As readers may be aware, last year a tribunal ruled that housing benefit was not payable to cover rent incurred through a tenancy agreement that was entered into on behalf of a person who lacked capacity without the requisite authority of an LPA, deputyship or order of the Court of Protection. The ruling in Wychavon District Council v EM 
caused significant consternation among housing providers, and groups involved in the care of adults with learning disabilities, as potentially it cast doubt on the viability of many supported living arrangements. At the time of the original ruling, Neary Legal
wrote an excellent post
explaining why he felt the Wychavon ruling was flawed, and earlier this year the judge returned to the ruling and reversed it (see Nearly Legal’s summary of this second decision here
). This turnaround must come as a huge relief to local authorities, carers, housing providers and those supported living residents whose very homes were potentially at risk as a result of the ruling. I should expect it’s something of a relief to the Court of Protection as well, who could have been flooded with emergency applications for orders for tenancy agreements!
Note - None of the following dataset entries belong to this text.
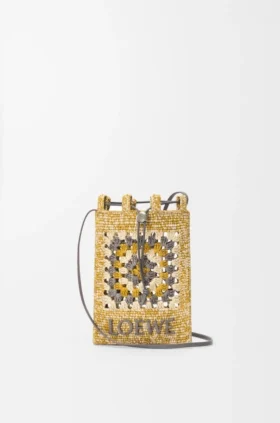 Kordelzugtasche aus klassischem Kalbsleder und Raffia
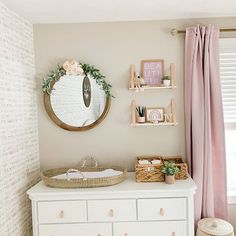 a baby's room with a dresser, mirror and toys on the shelf in front of it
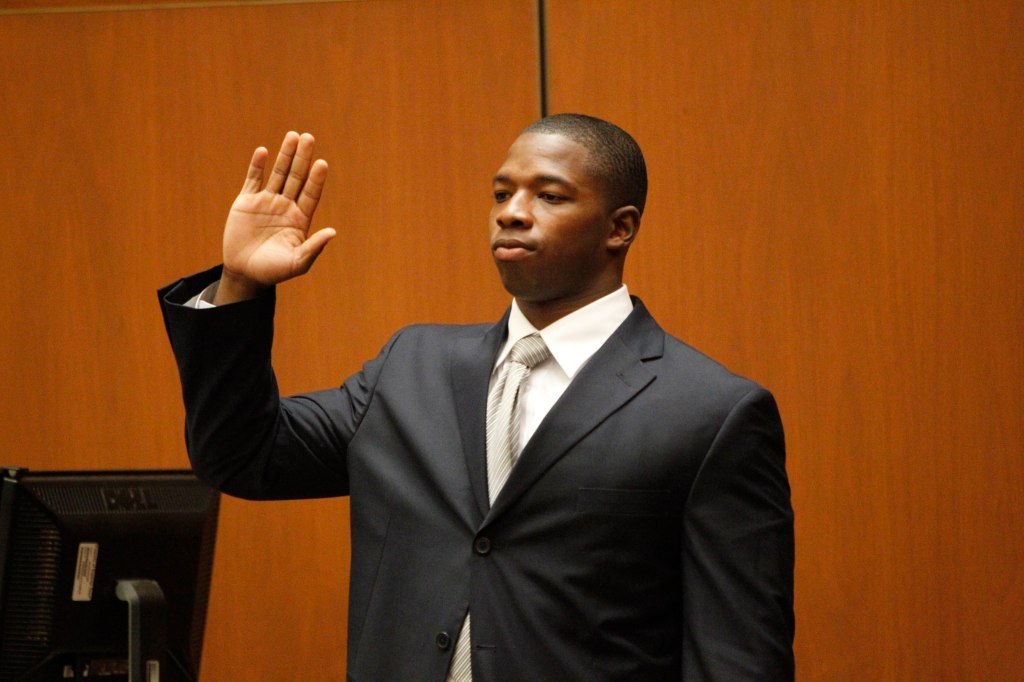 Faheem Muhammad shown being sworn in as a court witness.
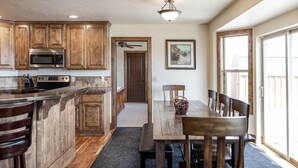 A kitchen with wooden cabinets, a microwave, a stove, and a dining area with a table and chairs. - Within Minutes Of BYU, Temples, Skiing  Sleeps 18 (Vineyard)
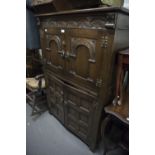 JACOBEAN STYLE CARVED OAK FOUR DOOR COCKTAIL CABINET WITH PULL-OUT GLASS INSET SLIDE AND COCK'S HEAD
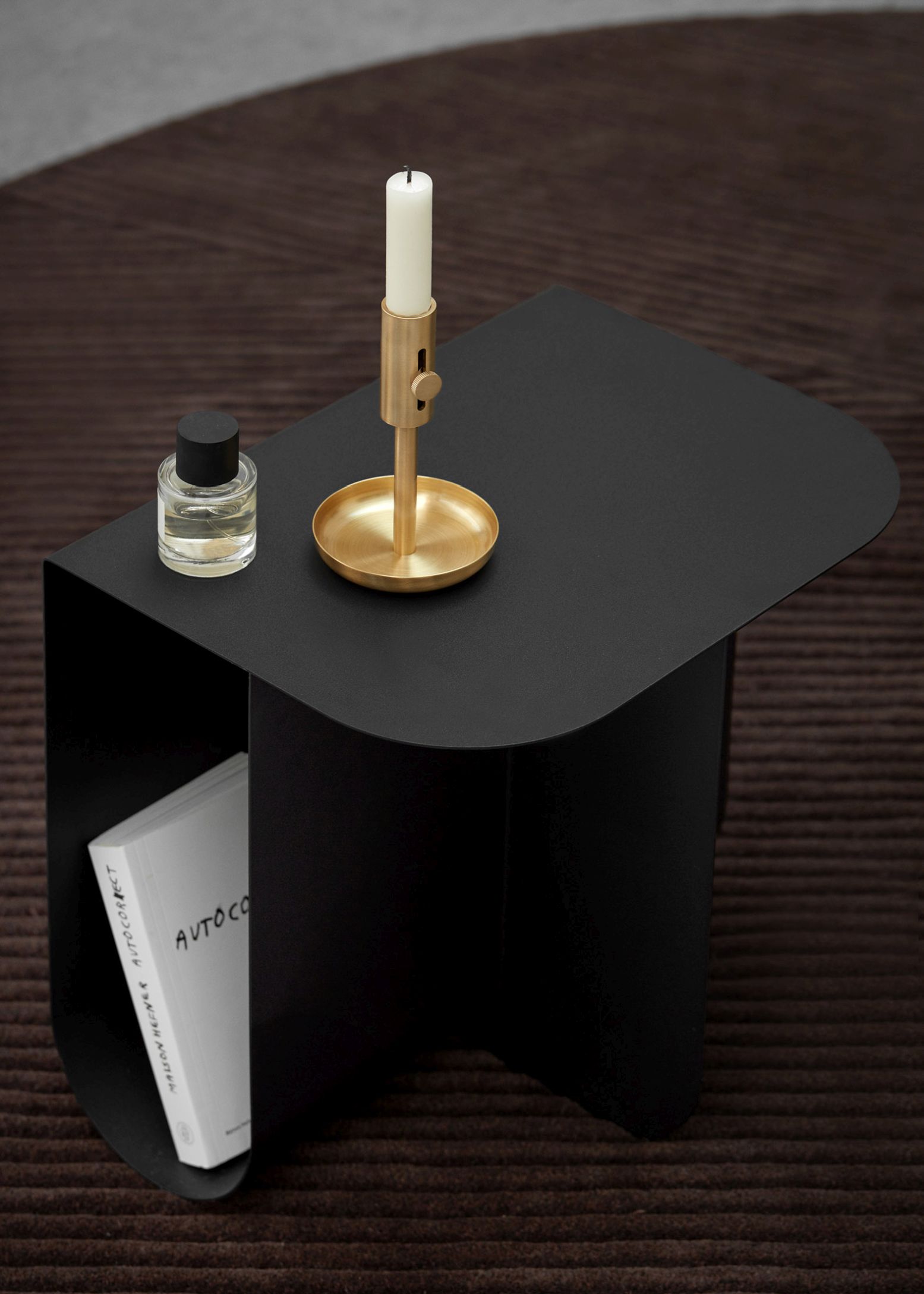 Schwarzer Mass Beistelltisch aus Stahl von Northern mit Kerzenständer und Buch im minimalistischen Design.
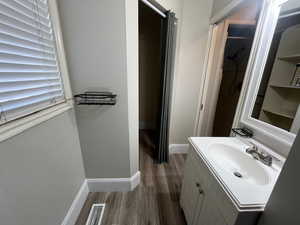 Bathroom with wood-type flooring, vanity, and a shower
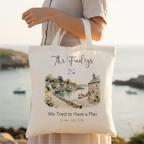 White canvas tote bag being held, with personalized script name and watercolor harbor print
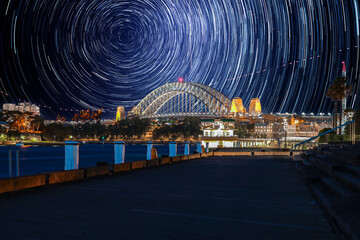 Fototapeta premium Star trails in the sky over Sydney Harbour NSW Australia startrails. lovely patterns and beautiful colours of the night.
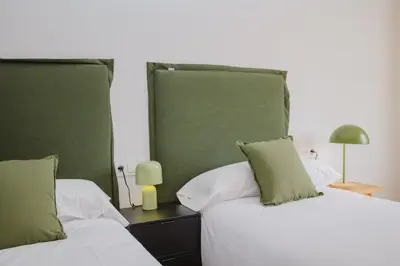 Cama o camas de una habitación en Torre dels Bous Apartaments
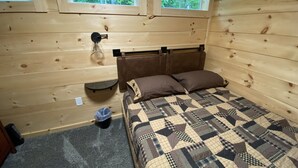 A wooden cabin bedroom with a bed, two windows, a nightstand, and a wall-mounted lamp. - Bobcat Corner, Hot Tub, Secluded, Pet Friendly (Logan)
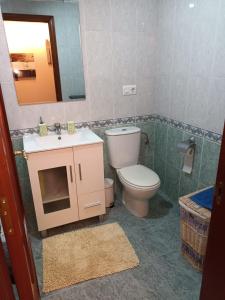bagno con servizi igienici, lavandino e specchio di APARTAMENTO CANELAS a Portonovo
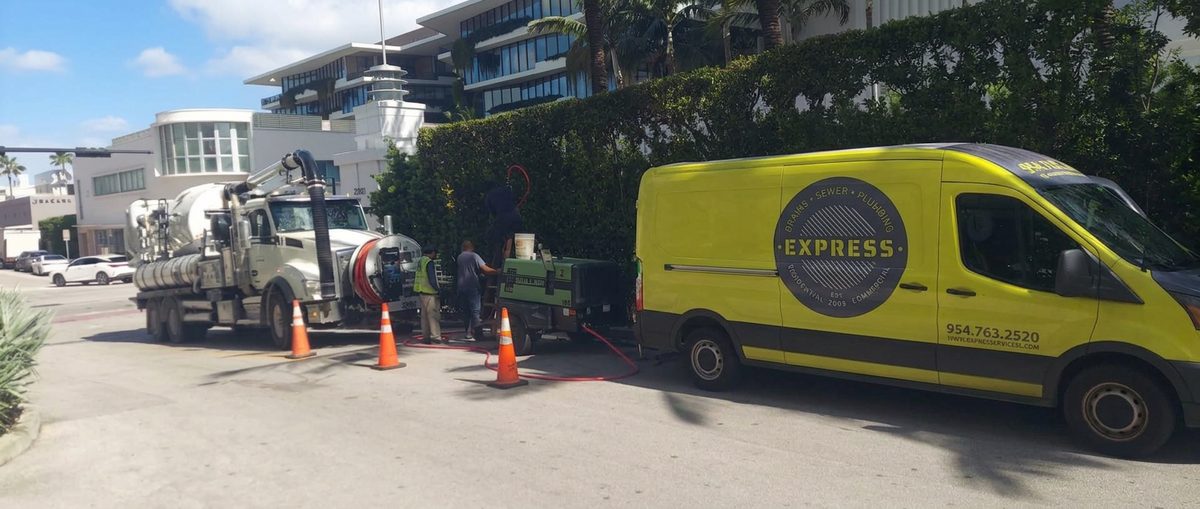 Yellow Express service van with its side door closed beside a work site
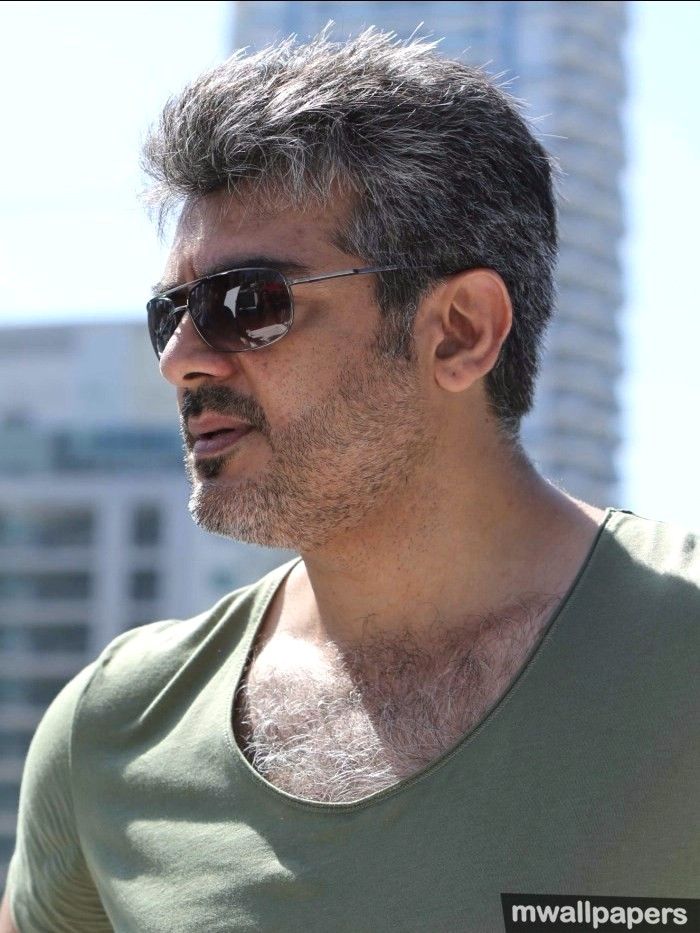 Download Captivating Stare: Ajith Kumar in a White Polo HD Photo Wallpaper  | Wallpapers.com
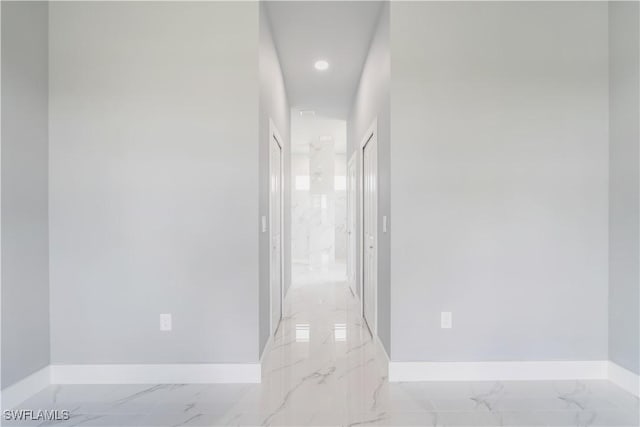 4002 22nd St SW, Lehigh Acres, FL 33976 - hallway with light marble finish flooring and recessed lighting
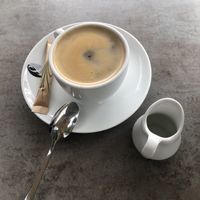 normal coffee w oat milk  at Café Florina in Hirschthal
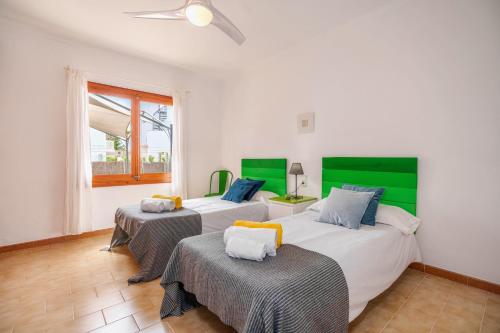 プラヤ・デ・ムロにあるVilla REUS ALCUDIAの緑と白の部屋のベッド2台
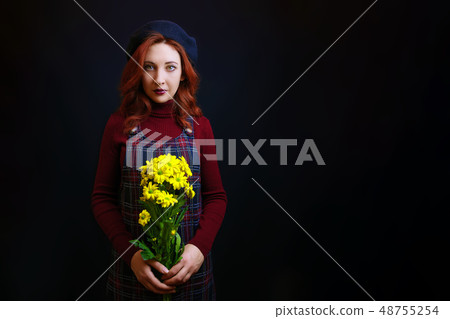 Woman holds a yellow chrysanthemum Woman holds a yellow chrysanthemum 48755254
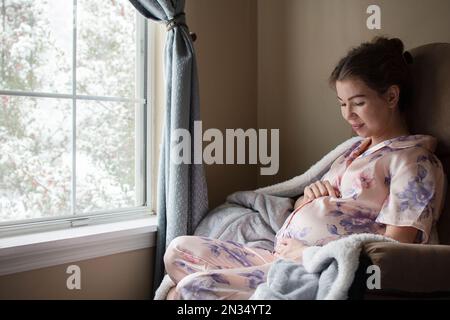 Eine schwangere weiße junge Frau, die im Schaukelstuhl neben dem Fenster sitzt, lächelt und ihren Bauch ansieht Stockfoto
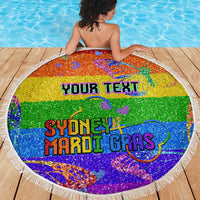 Round glitter beach blanket in rainbow Pride with 'YOUR TEXT' and 'SYDNEY MARDI GRAS', on deck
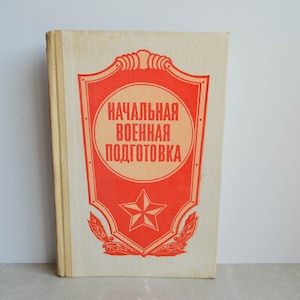 May include: A vintage book with a red shield on the cover. The shield has a red star and the text "НАЧАЛЬНАЯ ВОЕННАЯ ПОДГОТОВКА" in Russian.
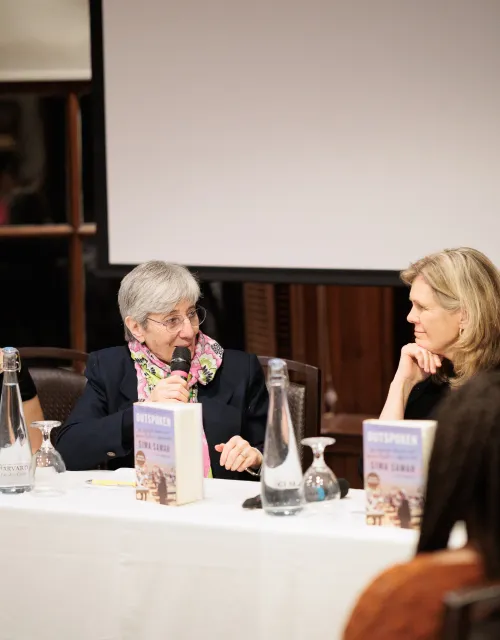 Panel of four women seated at a table with microphones and books, engaged in a discussion.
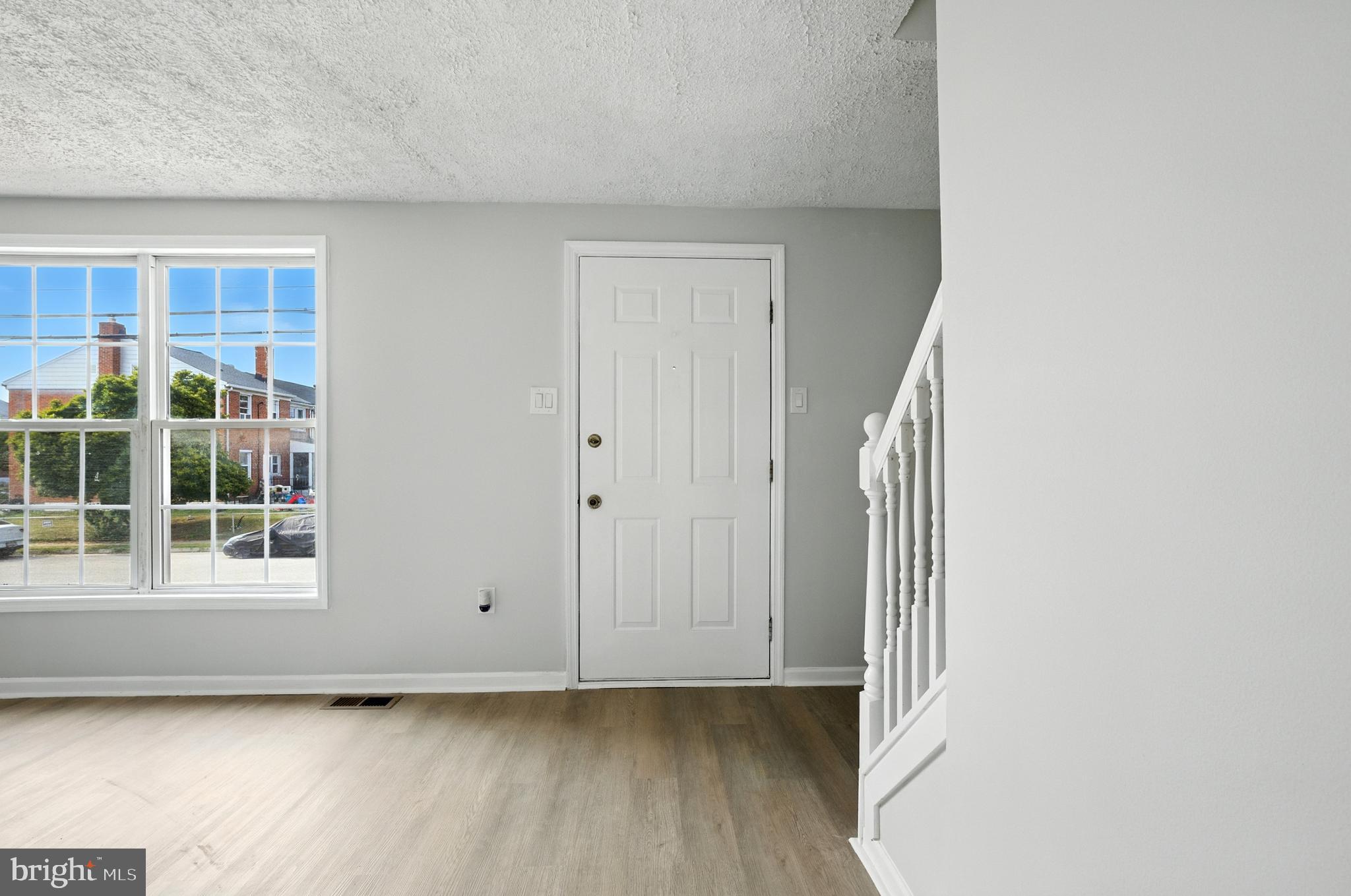 209 Magnolia Terrace Baltimore, MD 21221 - Photo 2 of 50 an empty room with wooden floor and windows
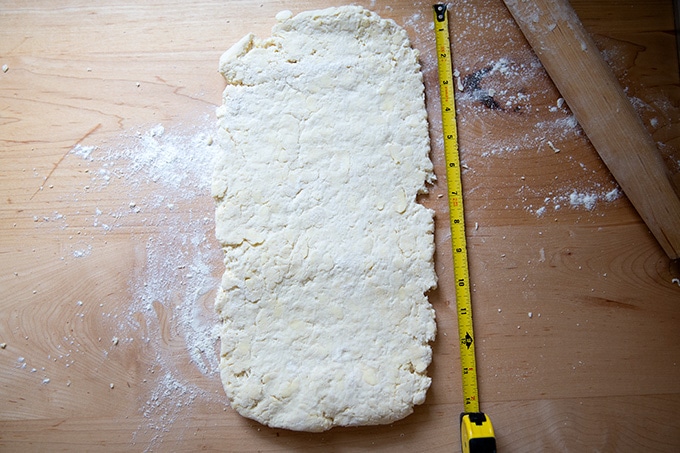 Biscuit dough rolled out to 14 inches long.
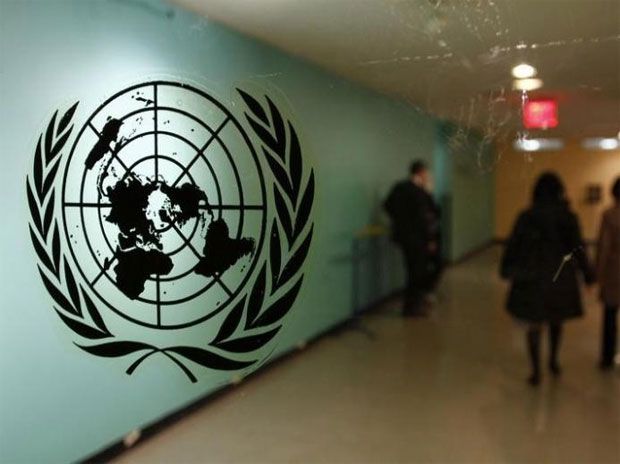 people walk past the united nations logo in an airport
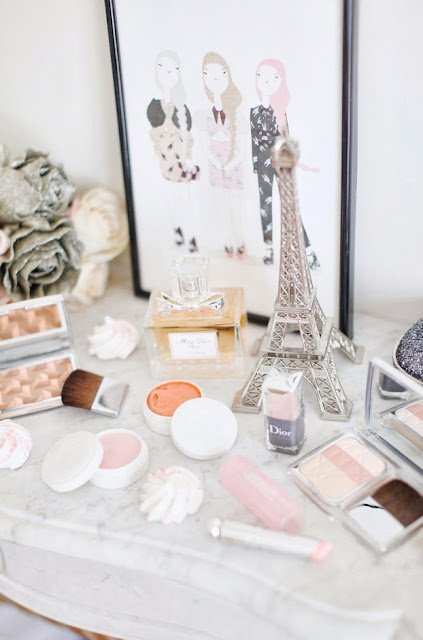 make-up supplies, perfume and mini Eiffel-tower on a dressing table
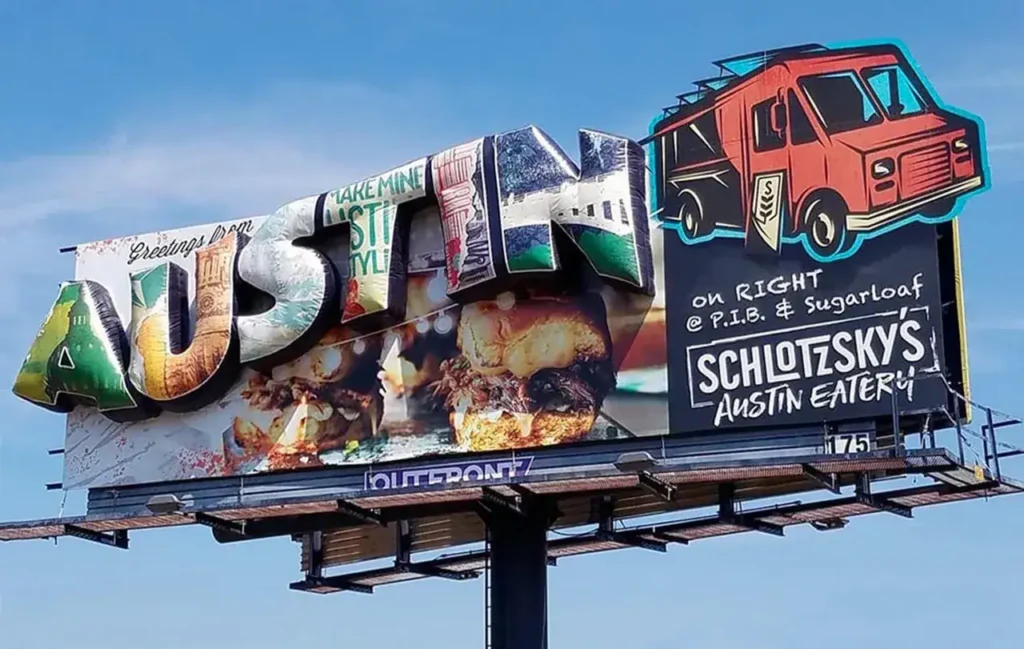 Billboard advertising in Austin featuring "Greetings from Austin" text, showcasing local cuisine and promoting Schlotzsky's Austin Eatery.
New Court of Protection guidance on tenancies and supported living
Since Wychavon U-Turn the Court of Protection have issued new guidance on tenancy agreements and capacity (here
), which outlines when it is appropriate to seek a court order. The guidance stresses that s7 Mental Capacity Act 2005
does not confer authority on a person who does not have the requisite authority through a Lasting Power of Attorney or deputyship to sign
a tenancy agreement on behalf of a person who lacks capacity. However, the guidance goes on to suggest that:
In some circumstances, landlords may be willing to accept unsigned tenancies, but this guidance applies to the situation where the landlord wants the tenancy to be signed. Even if the landlord will accept an unsigned agreement, it would also be appropriate to make an application where there is a dispute or if it is not clear whether the tenancy offer is in the person’s best interests.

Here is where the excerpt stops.